Supplied data:
■ ■ ■ ■ ■ ■ ■

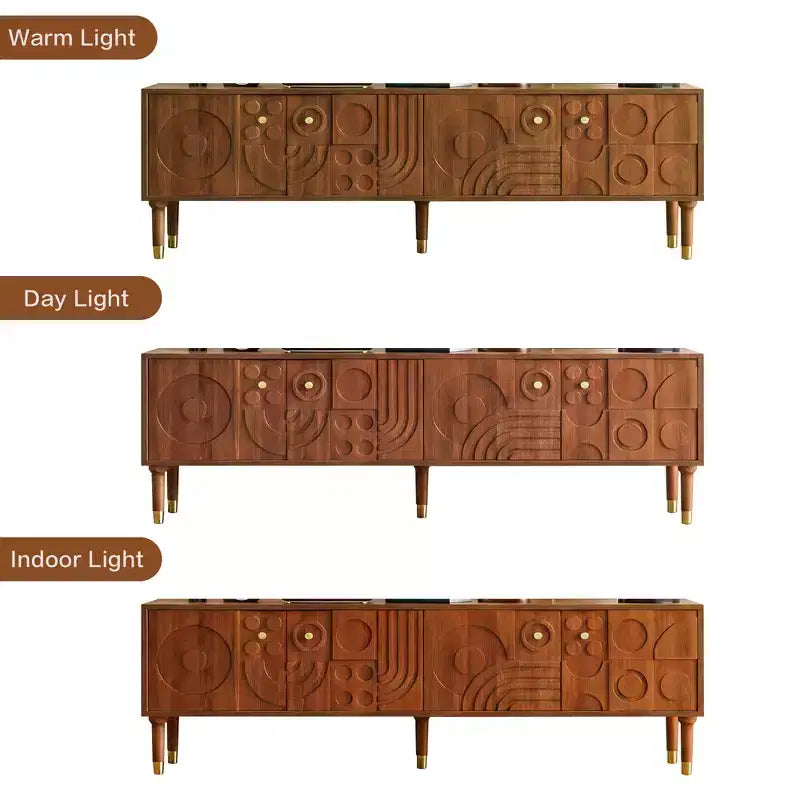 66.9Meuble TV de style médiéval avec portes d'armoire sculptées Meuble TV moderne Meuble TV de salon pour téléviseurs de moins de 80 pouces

■ ■ ■ ■ ■ ■ ■

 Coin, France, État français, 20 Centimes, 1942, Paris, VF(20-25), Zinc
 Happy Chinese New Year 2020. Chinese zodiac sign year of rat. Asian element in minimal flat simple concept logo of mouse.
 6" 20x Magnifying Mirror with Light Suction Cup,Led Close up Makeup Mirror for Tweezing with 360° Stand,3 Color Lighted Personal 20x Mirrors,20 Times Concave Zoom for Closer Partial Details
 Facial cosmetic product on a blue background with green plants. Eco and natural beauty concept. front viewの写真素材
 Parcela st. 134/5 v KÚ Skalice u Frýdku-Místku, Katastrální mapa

■ ■ ■ ■ ■ ■ ■

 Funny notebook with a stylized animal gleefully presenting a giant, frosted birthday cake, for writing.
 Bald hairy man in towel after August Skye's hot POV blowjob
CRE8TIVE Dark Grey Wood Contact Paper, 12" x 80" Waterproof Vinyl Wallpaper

■ ■ ■ ■ ■ ■ ■

Task objective:
Look through the data above and return exactly the lines from the one that contains "Funny notebook with" to the one that contains "CRE8TIVE Dark Grey", inclusive, with nothing else.

Answer space:
 Funny notebook with a stylized animal gleefully presenting a giant, frosted birthday cake, for writing.
 Bald hairy man in towel after August Skye's hot POV blowjob
CRE8TIVE Dark Grey Wood Contact Paper, 12" x 80" Waterproof Vinyl Wallpaper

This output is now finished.